# Lights flickering through the entire house



## TOOL_5150 (Aug 27, 2007)

What kind of flicker? DO they go dim or go bright?

~Matt


----------



## Jbird66 (Oct 26, 2010)

Mitty1964 said:


> I got a call today from a guy who states that all of the lights in his house flicker intermittently throughout the day. Without seeing the problem yet, I figure it could be a loose connection at a panel (main or sub) anyone else have any ideas? thanks in advance for the advice..:blink:


When ever there are severe fluctuations in the lighting level.
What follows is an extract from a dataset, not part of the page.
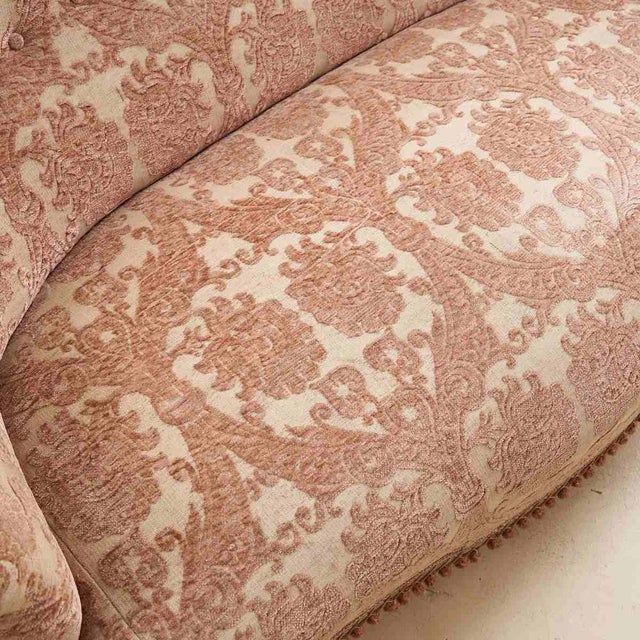 – fabric in excellent condition height: 73 width: 153 depth: 83 seat height: 26 additional information style: antique...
I also consider these a fire hazard and warrant an emergency service call.

You could potentially be looking at a loose neutral, breaker burning off the buss, loose connection on the POCO side of things or a multitude of other things. 

I would be there first thing in the morning and start checking at the main panel first.

Good luck


----------



## Jaada (Dec 25, 2010)

Poltergeist activity


----------



## crazymurph (Aug 19, 2009)

lost phase


----------



## jwjrw (Jan 14, 2010)

crazymurph said:


> lost phase




Lost phase won't cause a flicker......:no:


----------



## Shockdoc (Mar 4, 2010)

Tell the customer to call TLC channel and have " A Haunting " filmed there.


----------



## oldtimer (Jun 10, 2010)

Mitty1964 said:


> I got a call today from a guy who states that all of the lights in his house flicker intermitantly throughout the day. Without seeing the problem yet, I figure it could be a loose connection at a panel (main or sub) anyone else have any ideas? thanks in advance for the advice..:blink:


 Best way to find the problem, I M O. Go to panel.... flip breakers off ...until flickering stops. Now you know which circuit has the problem. Then the process of elimination, and you will find the cause.

I know this sounds like a simple solution, but I find simple solutions are usually the best.


----------



## kwired (Dec 20, 2009)

Mitty1964 said:


> I got a call today from a guy who states that all of the lights in his house flicker intermitantly throughout the day. Without seeing the problem yet, I figure it could be a loose connection at a panel (main or sub) anyone else have any ideas? thanks in advance for the advice..:blink:


The list of possibilities can be endless, why don't you go take a look at what is going on and then ask us for advice if you don't understand something. If the problem involves the whole house maybe you should start by looking at the service.


----------